MATERIAL PROVIDED:
"""

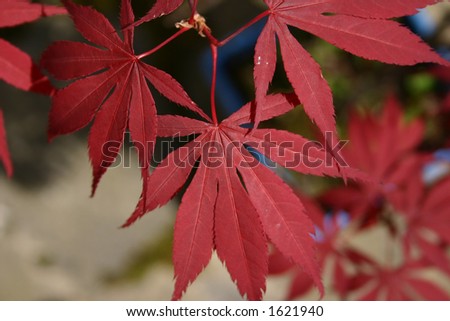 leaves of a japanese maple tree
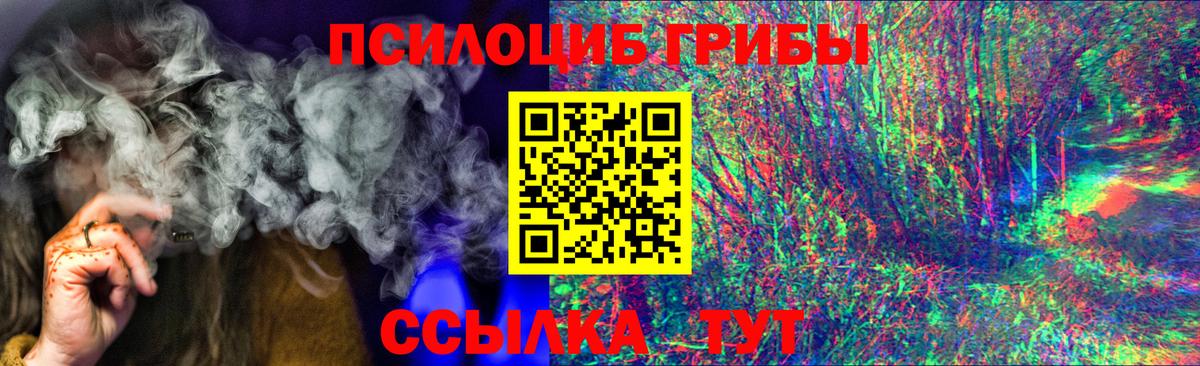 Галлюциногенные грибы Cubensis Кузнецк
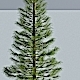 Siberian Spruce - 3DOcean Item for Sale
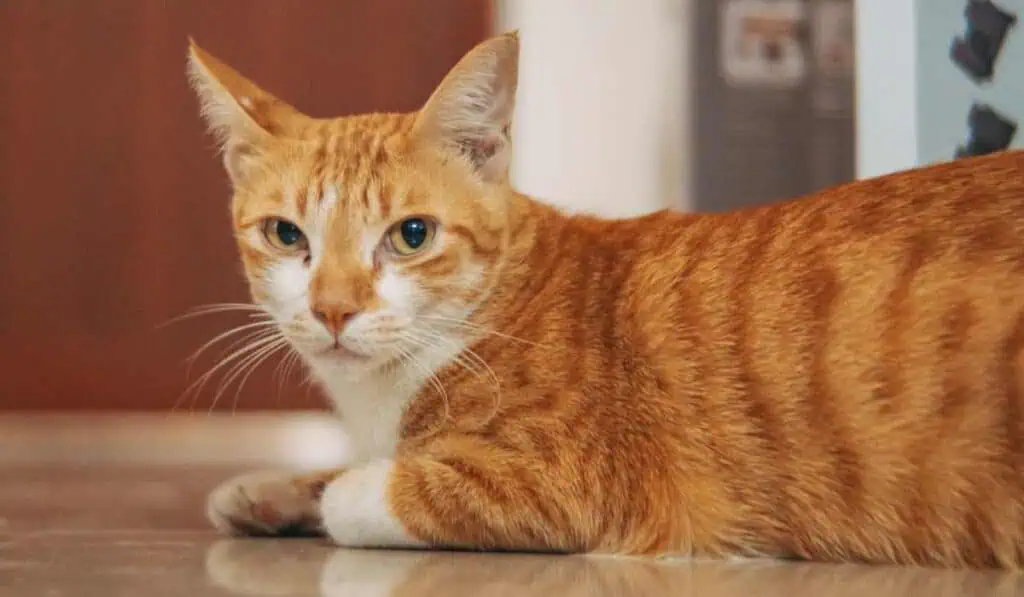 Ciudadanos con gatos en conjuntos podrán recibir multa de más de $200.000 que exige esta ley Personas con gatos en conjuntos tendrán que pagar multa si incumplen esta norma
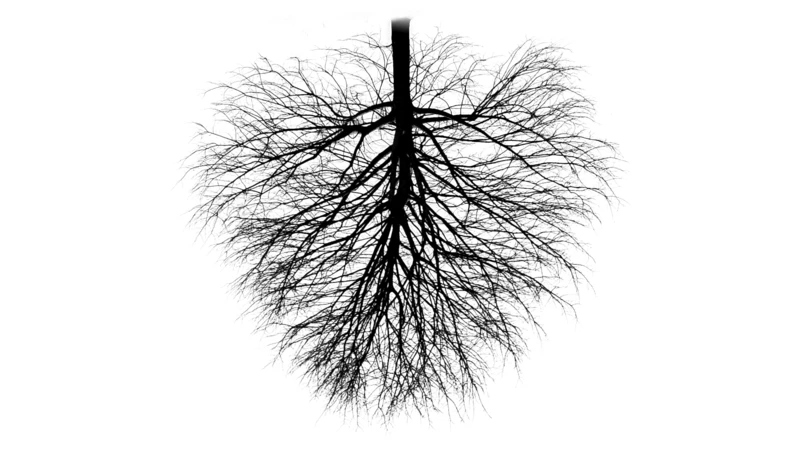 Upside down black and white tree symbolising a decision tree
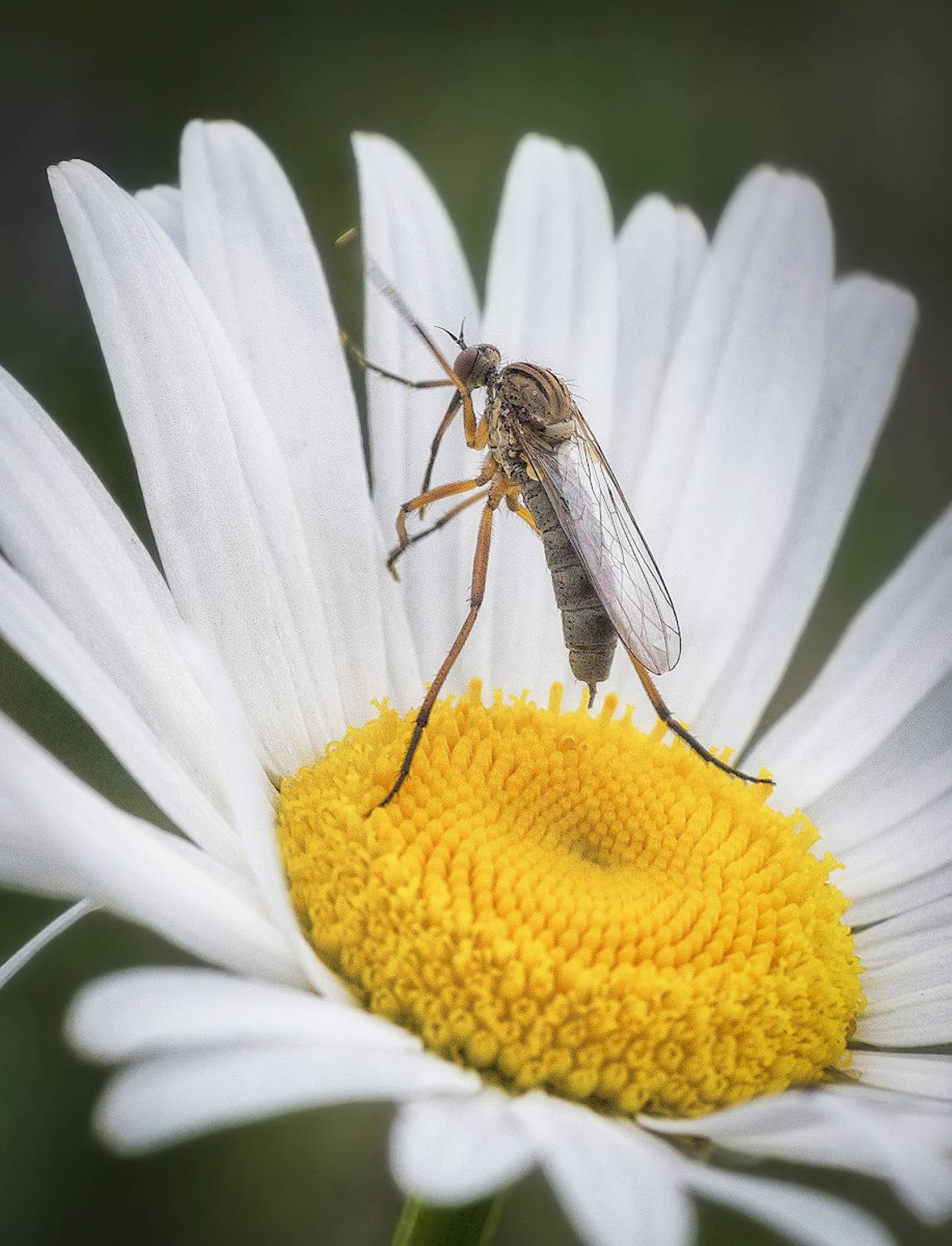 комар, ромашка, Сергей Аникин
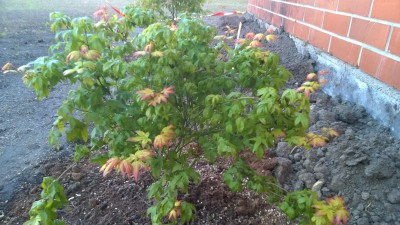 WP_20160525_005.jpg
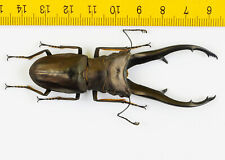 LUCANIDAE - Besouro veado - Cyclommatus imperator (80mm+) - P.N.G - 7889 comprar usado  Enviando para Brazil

"""
"""

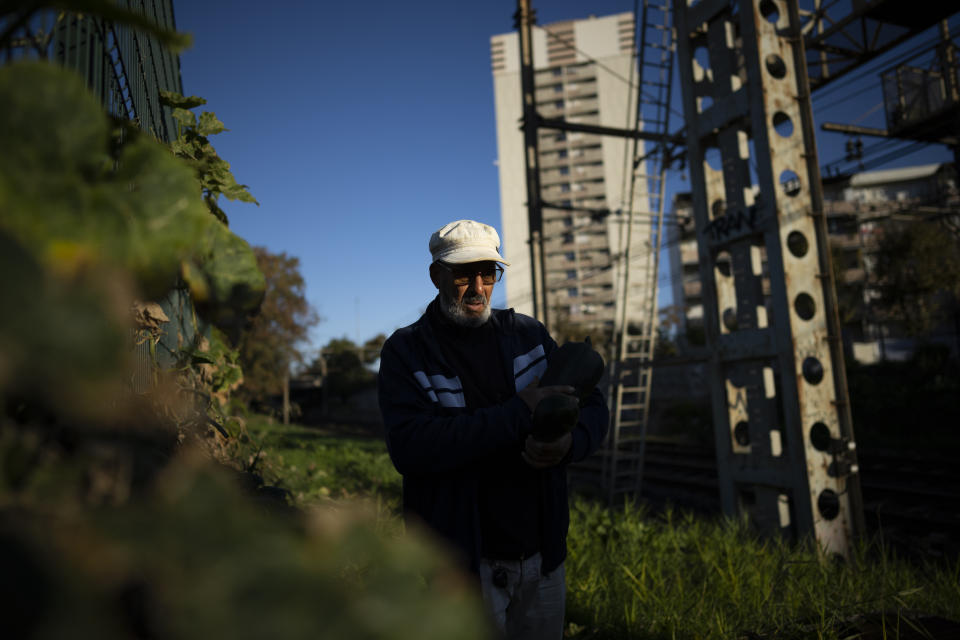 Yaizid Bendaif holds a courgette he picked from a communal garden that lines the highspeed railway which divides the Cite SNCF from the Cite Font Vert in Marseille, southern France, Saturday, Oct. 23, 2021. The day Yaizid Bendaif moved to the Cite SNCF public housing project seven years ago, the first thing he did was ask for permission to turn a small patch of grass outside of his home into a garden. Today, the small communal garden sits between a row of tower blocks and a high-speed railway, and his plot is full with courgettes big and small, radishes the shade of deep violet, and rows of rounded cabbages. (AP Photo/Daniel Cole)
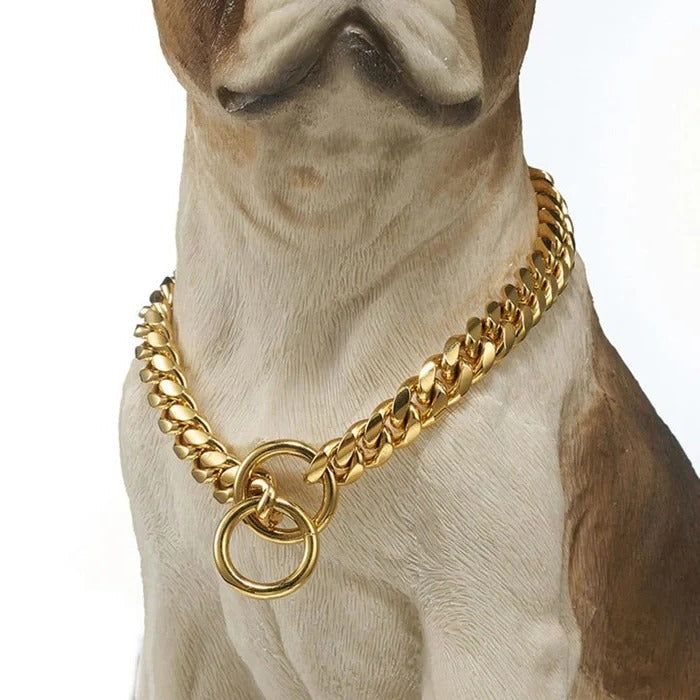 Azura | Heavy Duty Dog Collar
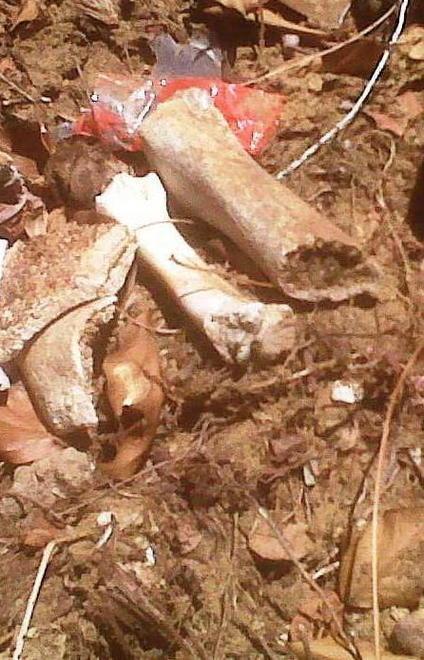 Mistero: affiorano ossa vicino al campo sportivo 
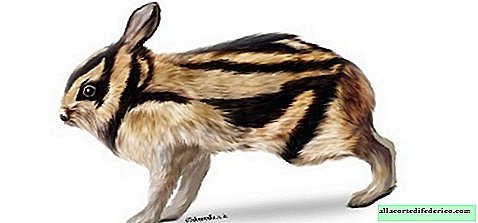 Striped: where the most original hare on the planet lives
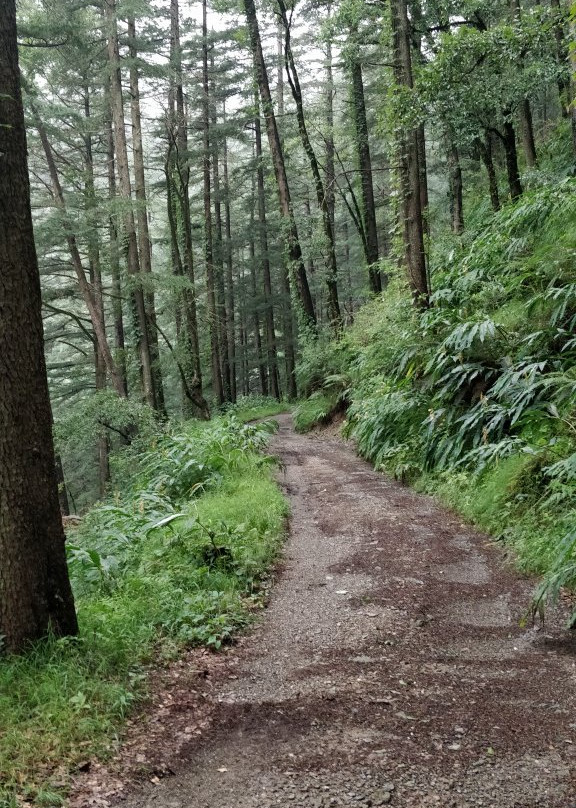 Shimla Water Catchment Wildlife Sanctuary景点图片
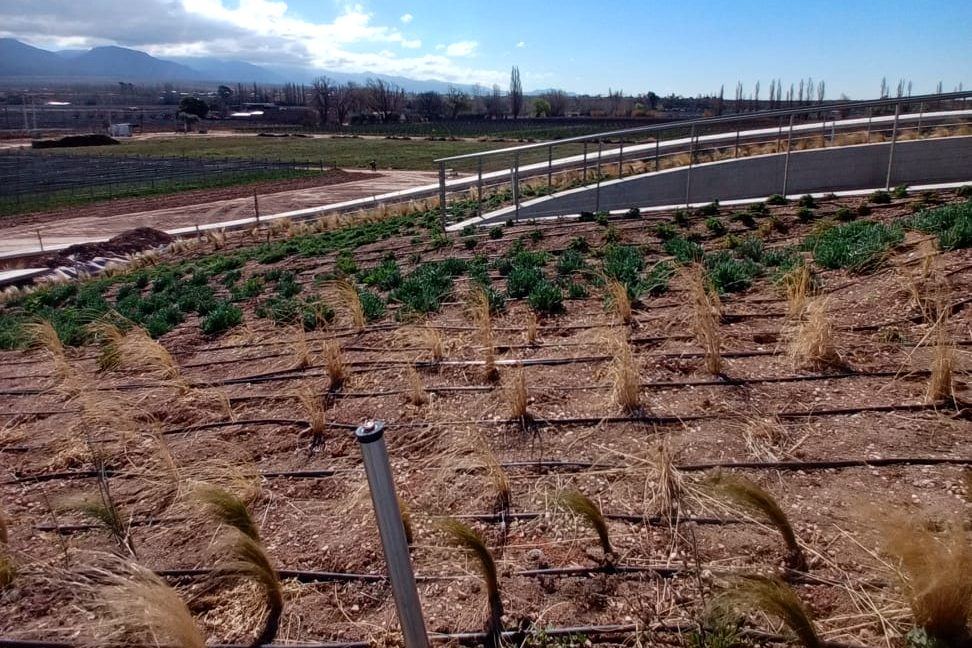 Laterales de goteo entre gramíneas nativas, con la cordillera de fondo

"""
"""

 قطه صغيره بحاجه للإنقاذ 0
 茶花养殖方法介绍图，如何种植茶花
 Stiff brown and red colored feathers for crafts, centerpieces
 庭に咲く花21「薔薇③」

"""

TO DO: Working from the data above, repeat exactly, and only, the lines that begin at the line containing "комар, ромашка, Сергей Аникин" and stop after the line containing "LUCANIDAE - Besouro"; pictures are not copied.

RESULT FOR THIS TASK:
 комар, ромашка, Сергей Аникин
 WP_20160525_005.jpg
 LUCANIDAE - Besouro veado - Cyclommatus imperator (80mm+) - P.N.G - 7889 comprar usado  Enviando para Brazil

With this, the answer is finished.